### DATA FOR THE TASK
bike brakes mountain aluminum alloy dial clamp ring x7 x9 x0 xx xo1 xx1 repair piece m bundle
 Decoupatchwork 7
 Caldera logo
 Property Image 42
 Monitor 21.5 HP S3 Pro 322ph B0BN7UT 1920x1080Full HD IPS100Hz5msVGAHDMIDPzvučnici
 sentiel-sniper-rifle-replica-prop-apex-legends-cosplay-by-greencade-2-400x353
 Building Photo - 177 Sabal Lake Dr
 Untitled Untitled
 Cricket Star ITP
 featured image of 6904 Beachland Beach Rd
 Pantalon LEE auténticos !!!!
######
INSTRUCTIONS TO FOLLOW:
In the answer, each entry from the listing must be transcribed exactly.

EXERCISE RESULT:
bike brakes mountain aluminum alloy dial clamp ring x7 x9 x0 xx xo1 xx1 repair piece m bundle
 Decoupatchwork 7
 Caldera logo
 Property Image 42
 Monitor 21.5 HP S3 Pro 322ph B0BN7UT 1920x1080Full HD IPS100Hz5msVGAHDMIDPzvučnici
 sentiel-sniper-rifle-replica-prop-apex-legends-cosplay-by-greencade-2-400x353
 Building Photo - 177 Sabal Lake Dr
 Untitled Untitled
 Cricket Star ITP
 featured image of 6904 Beachland Beach Rd
 Pantalon LEE auténticos !!!!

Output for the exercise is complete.